In Geithner’s plan, most of the heavy lifting will be done by the Federal Reserve. (It’s no accident that Fed chair Ben Bernanke sat in the front row at Geithner’s presentation of the outline of his plan this morning.) Fed loans will, it’s hoped, limit investor risk enough to entice them into “partnership” with government. Most members of Congress and 99.9 percent of the public are unaware that the Fed has already committed over $2.5 trillion to the financial system, in order to get credit markets moving again — but with limited results so far. It’s easy to do things through the Fed because there’s scant political oversight of it, and the Fed’s dealings don’t show up as additions to the federal budget deficit. (Yes, we live in a democracy, but not when it comes to the Fed.)
But achieving (2) presupposes enough private investment capital to accomplish most of what needs doing. But where is it? Some at Treasury tell me that they’re counting on hedge funds, among other sources. But that’s merely exchanging one form of opaque financing (the old TARP) for another (hedge funds are black boxes). It’s a dangerous gamble because hedge funds could fall apart just as quickly as other parts of the financial system have failed. Maybe they already have, for all anyone knows. They’re secret, remember? Some additional financing is thought to come from China, Japan, and the Middle East. (It seems likely that some hedge fund financing is now coming from rich Arabs.) But why exactly would Asia or the Middle East be willing to commit even more money to the United States when they’re already nervous about their US loans and investments, and when their own economies are under more and more stress?
Geithner was vague about all this, this morning. That’s understandable. The Treasury doesn’t have the entire plan worked out yet, and also needs some wiggle room in case certain aspects prove unworkable. Too much detail can also attract the attention of critics who will inevitably find fault or raise awkward questions. Remember: Nothing has ever been tried on this scale before.
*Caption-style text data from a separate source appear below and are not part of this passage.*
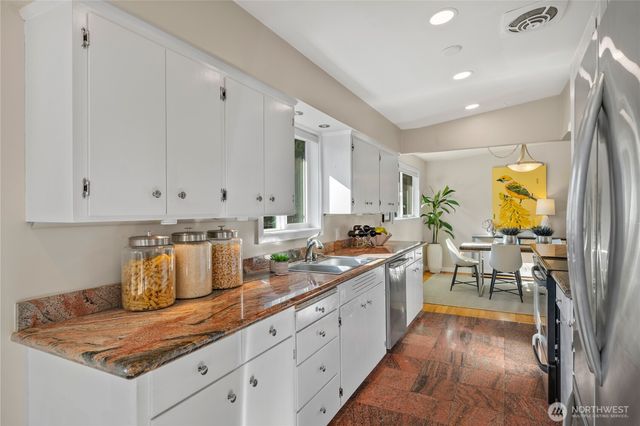 2415 W McGraw Street, Seattle, WA 98199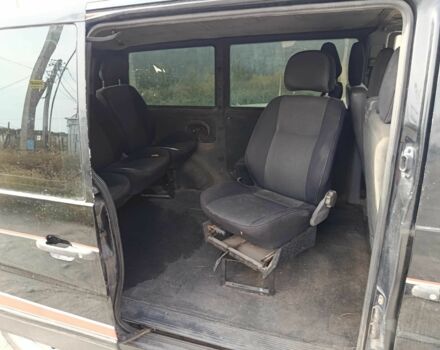 Черный Мерседес Вито, объемом двигателя 2.1 л и пробегом 380 тыс. км за 3800 $, фото 13 на Automoto.ua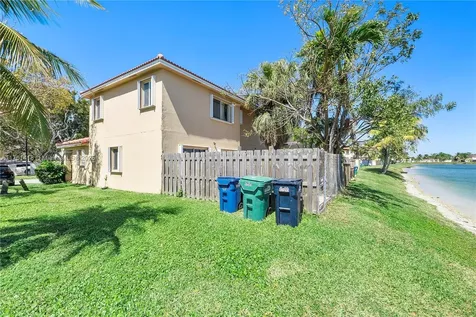 17591 SW 140th Court Miami FL 33177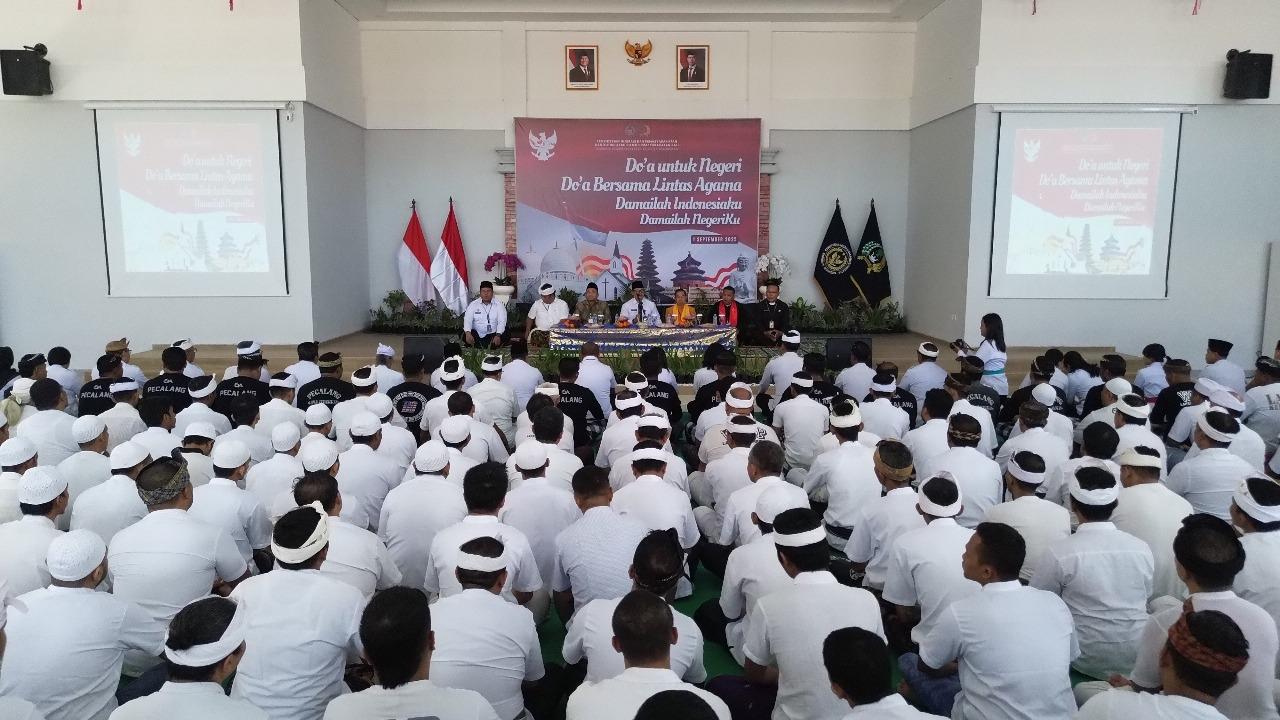 Kepala Kantor Wilayah Direktorat Jenderal Pemasyarakatan (Ditjenpas) Bali, Decky Nurmansyah, bersama Kalapas Kerobokan, Hudi Ismono, serta jajaran petugas lapas memimpin ratusan warga binaan Lapas Kelas IIA Kerobokan dalam kegiatan doa lintas agama yang digelar pada Senin (1/9/2025). (balihotnews/lapaskerobokan)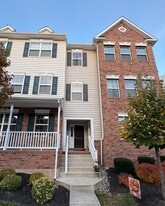 3098 Goshen Dr in Pennsburg, PA - Building Photo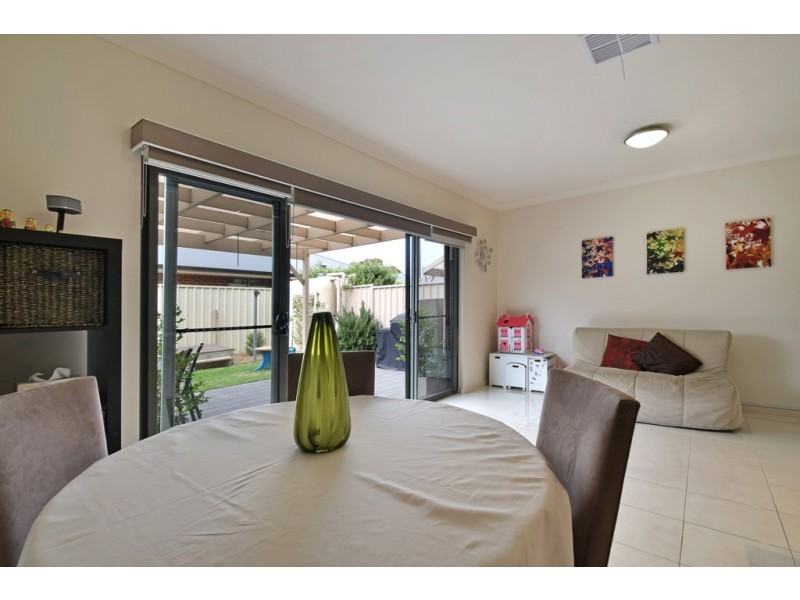 9A Mulcra Avenue, Park Holme SA 5043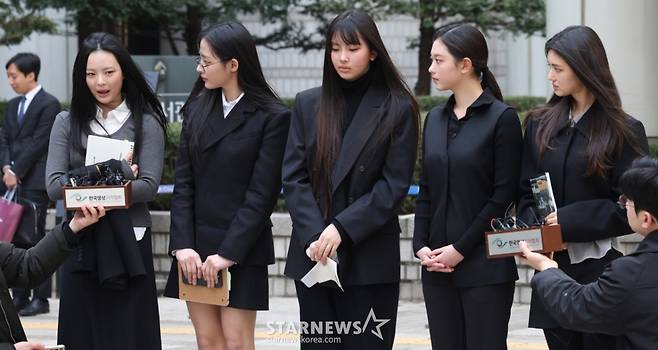 [서울=뉴시스] 추상철 기자 = 그룹 뉴진스(NJZ 하니, 민지, 혜인, 해린, 다니엘)가 7일 오후 서울 서초구 서울중앙지방법원에서 열린 '어도어, 뉴진스 상대 기획사 지위보전 및 광고계약 체결 등 금지 가처분' 심문기일을 마친 후 취재진의 질문에 답변하고 있다. 2025.03.07. scchoo@newsis.com /사진=추상철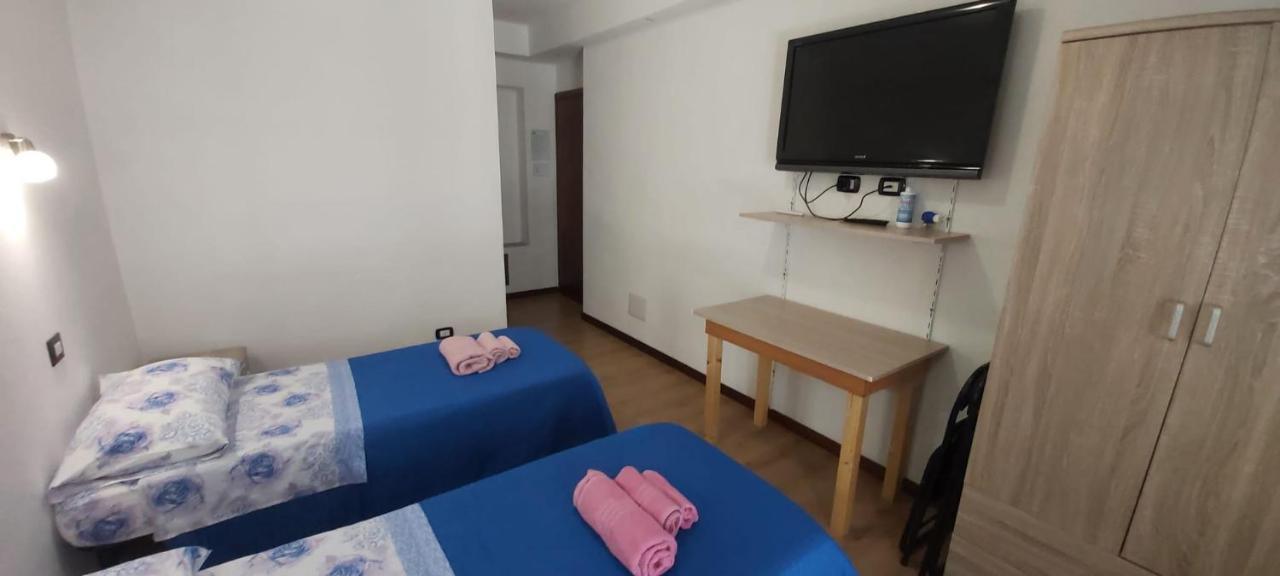 Double or Twin Room with Private Bathroom,1250780173:JPEG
But the vagueness works against him in terms of both confidence-building objectives. The public wants specificity in terms of where the second tranche of TARP’s$350 billion is going, and exactly how it will translate into more loans and more help for distressed homeowners — and will surely demand more specificity if Geithner comes back for additional authorization. More to the point, investors (whoever they are) need lots of specificity before they’re going to put up a single dollar, no matter how much of their downside risk is assumed by the government.